The jooq blog shows us something fancier using natural full join. It's fancier in two ways: 1) it uses natural full join to join on any identically-named columns from both tables (in this case, all of the columns, because our test tables have the same definitions), and 2) it only does a full table scan of t1 once and t2 once, rather than twice for each table as with the previous methods we were using.

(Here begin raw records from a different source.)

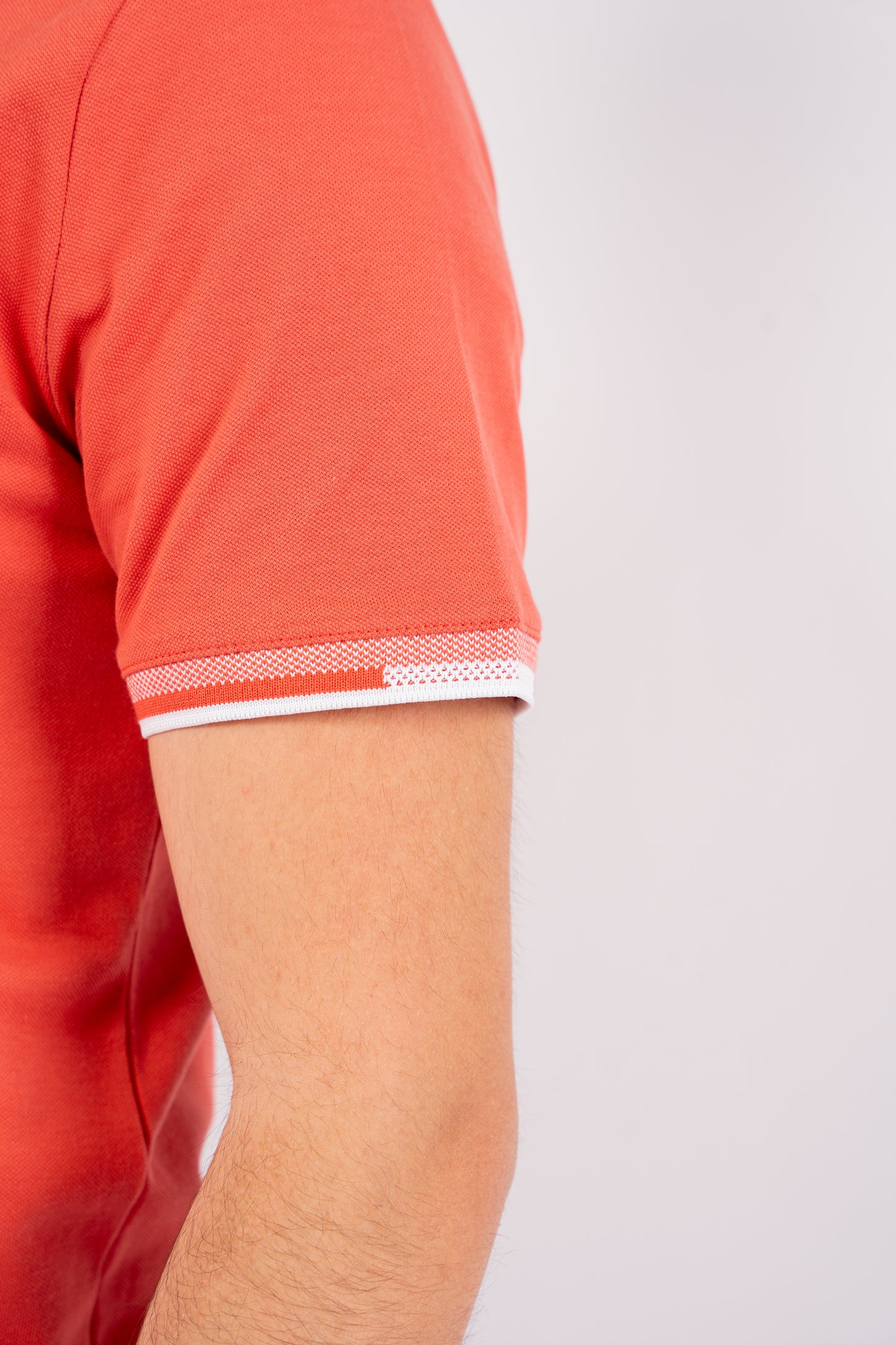 BRICK BUTTON COLLAR POLO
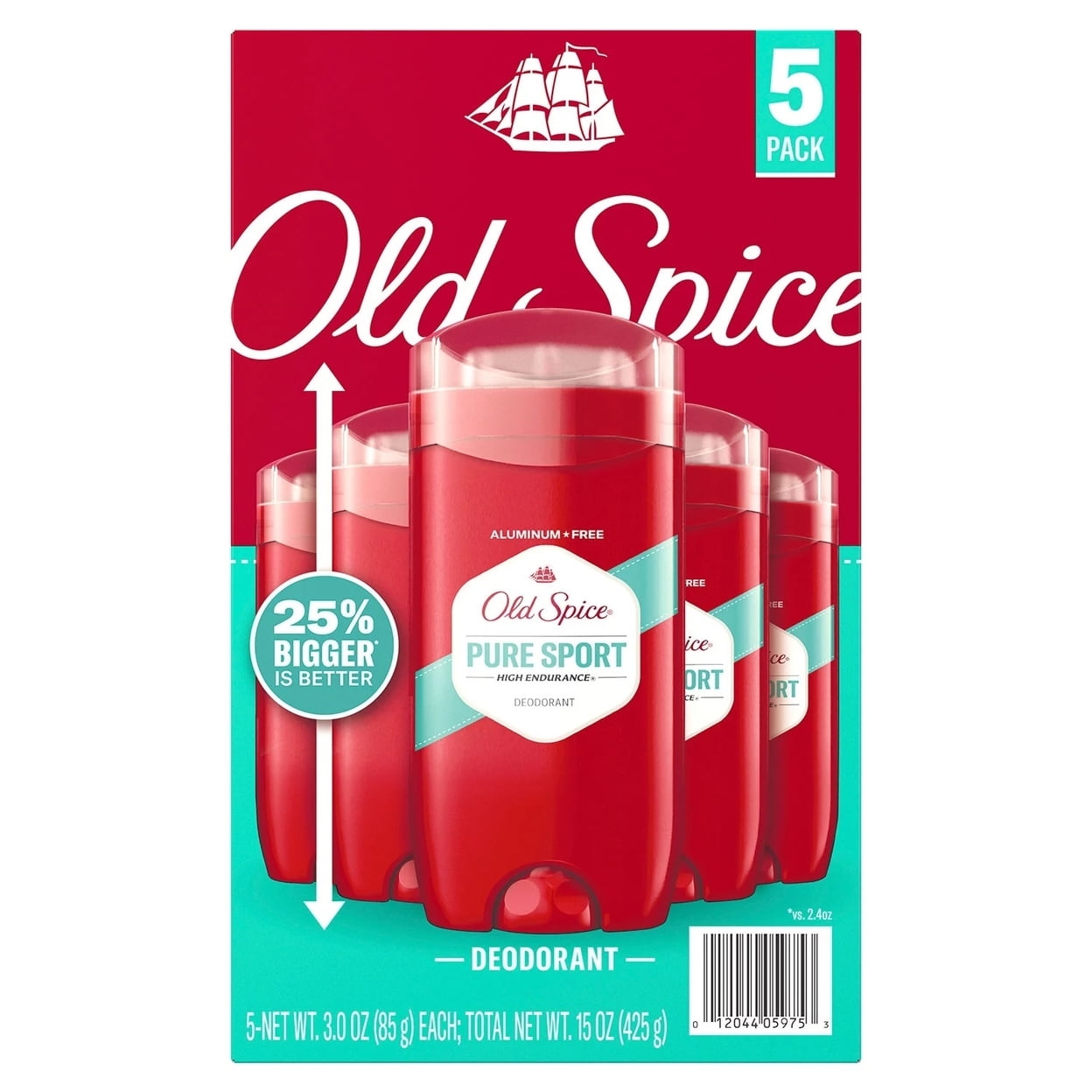 Old Spice High Endurance Deodorant, Pure Sport, Aluminum-Free, 48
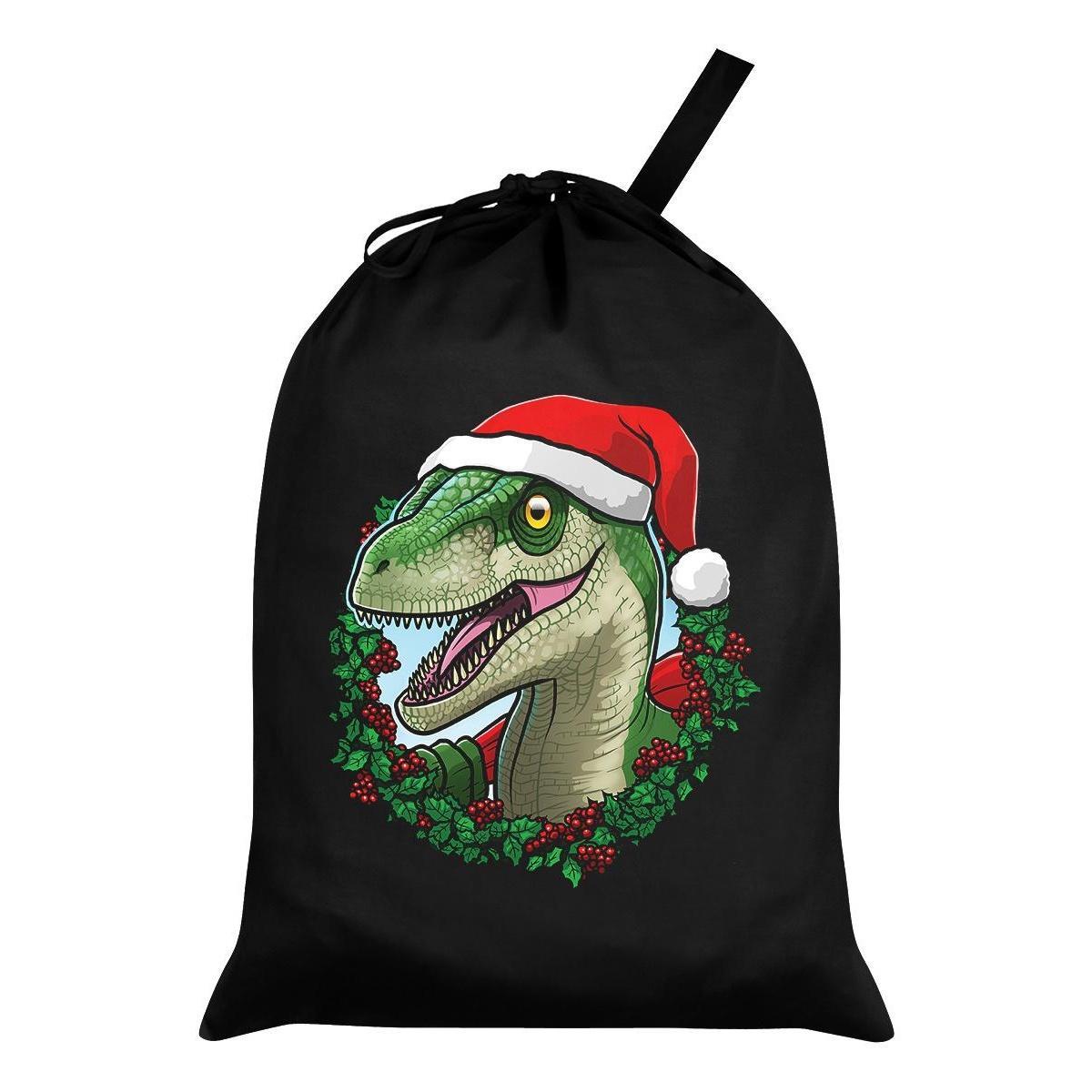 Grindstore Festive Rex Christmas Santa Sack (Black) (One Size)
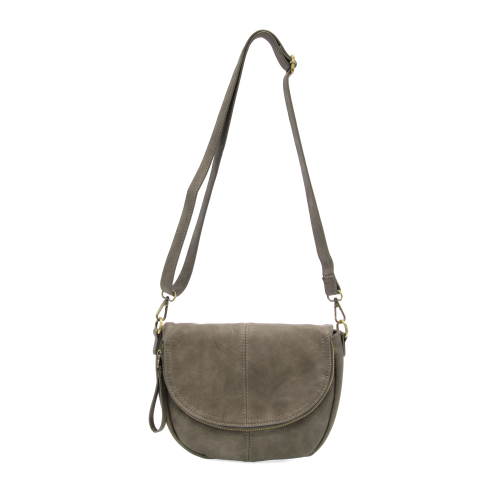 Joy Susan Helene Saddle Crossbody Bag Dark Taupe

First, let's look at the result of a natural full join where we purposefully add a column specific to each table we are comparing:

select * from
(select t1.*, 't1' as tbl_t1 from t1) as t1
natural full join
(select t2.*, 't2' as tbl_t2 from t2) as t2;
┌───┬───┬────────┬────────┐
│ a │ b │ tbl_t1 │ tbl_t2 │
├───┼───┼────────┼────────┤
│ 1 │ 2 │ t1     │ [NULL] │
│ 3 │ 4 │ t1     │ t2     │
│ 5 │ 6 │ t1     │ t2     │
│ 7 │ 8 │ [NULL] │ t2     │
└───┴───┴────────┴────────┘
(4 rows)

Nifty. Of course, we only want the rows that were different, so we would do:

select * from
(select t1.*, 't1' as tbl_t1 from t1) as t1
natural full join
(select t2.*, 't2' as tbl_t2 from t2) as t2
where tbl_t1 is null or tbl_t2 is null
order by a, b;
┌───┬───┬────────┬────────┐
│ a │ b │ tbl_t1 │ tbl_t2 │
├───┼───┼────────┼────────┤
│ 1 │ 2 │ t1     │ [NULL] │
│ 7 │ 8 │ [NULL] │ t2     │
└───┴───┴────────┴────────┘
(4 rows)

Nice. But BE WARE: once your tables have nulls in them, except will work more reliably, because natural full join will not join identical rows in both tables when those identical rows contain nulls; because null does not equal null. except will still work, though.